*Problem statement*. Please give back, exactly as written, the lines from the line with "einzA Aquamatt (RAL" to the line with "logo de fruits" in the listing below, leaving out all pictures.

(Beginning of Input data)

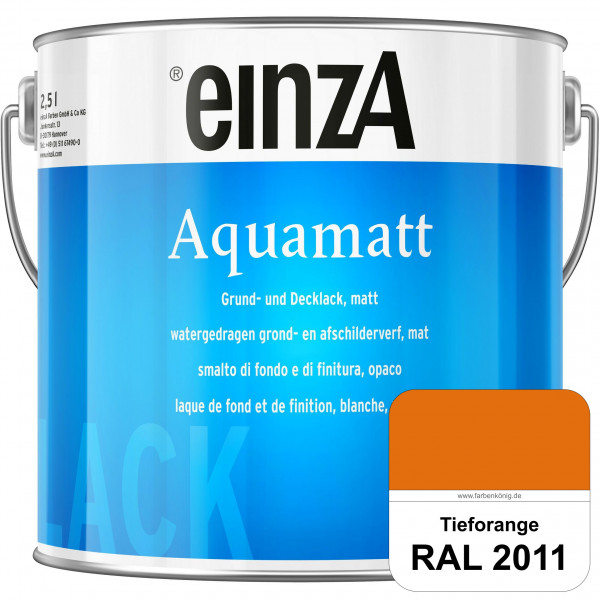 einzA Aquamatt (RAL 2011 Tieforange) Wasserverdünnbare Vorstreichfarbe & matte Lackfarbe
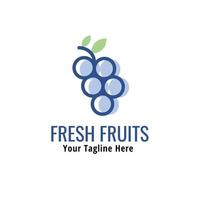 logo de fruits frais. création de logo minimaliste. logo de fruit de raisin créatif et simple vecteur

(End of Input data)
(Beginning of Input data)

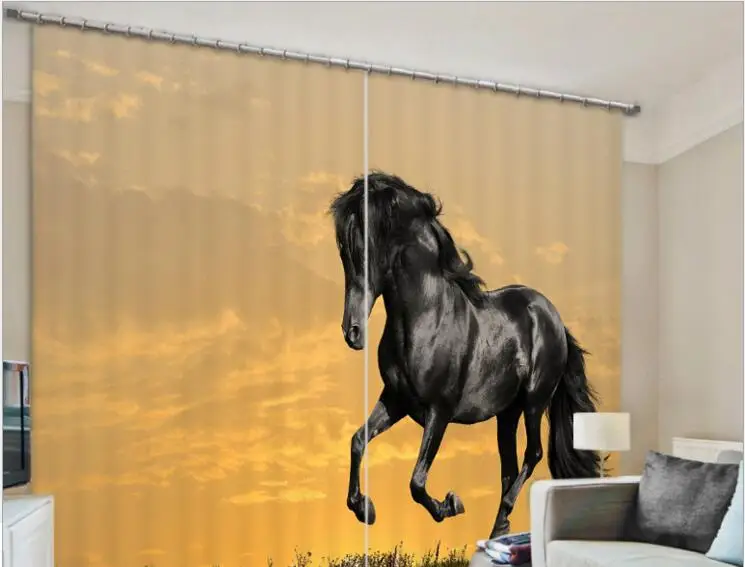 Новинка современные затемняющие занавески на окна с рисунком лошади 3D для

(End of Input data)
(Beginning of Input data)

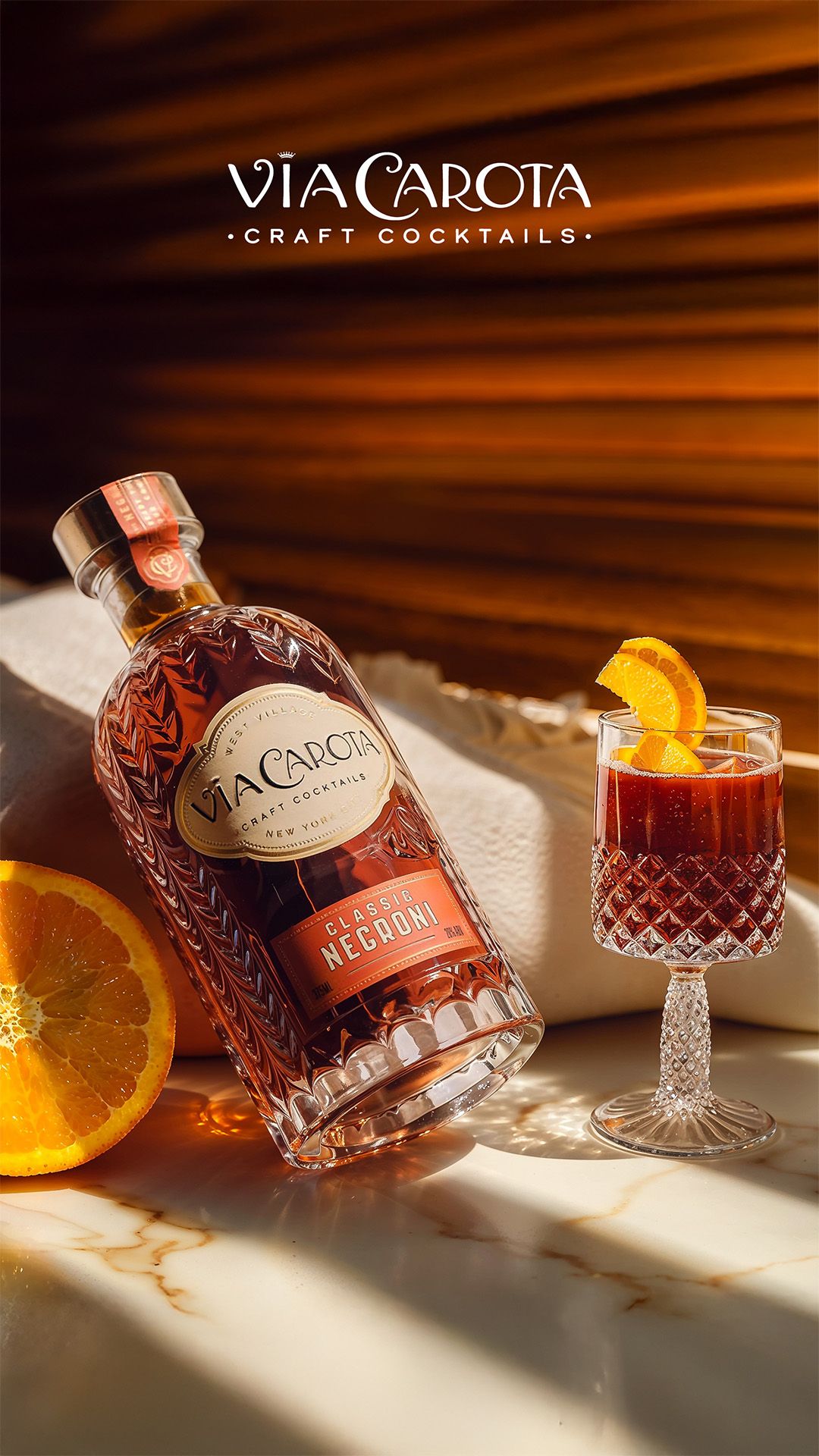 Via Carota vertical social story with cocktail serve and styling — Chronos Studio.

(End of Input data)

*Response to this task*.
 einzA Aquamatt (RAL 2011 Tieforange) Wasserverdünnbare Vorstreichfarbe & matte Lackfarbe
 logo de fruits frais. création de logo minimaliste. logo de fruit de raisin créatif et simple vecteur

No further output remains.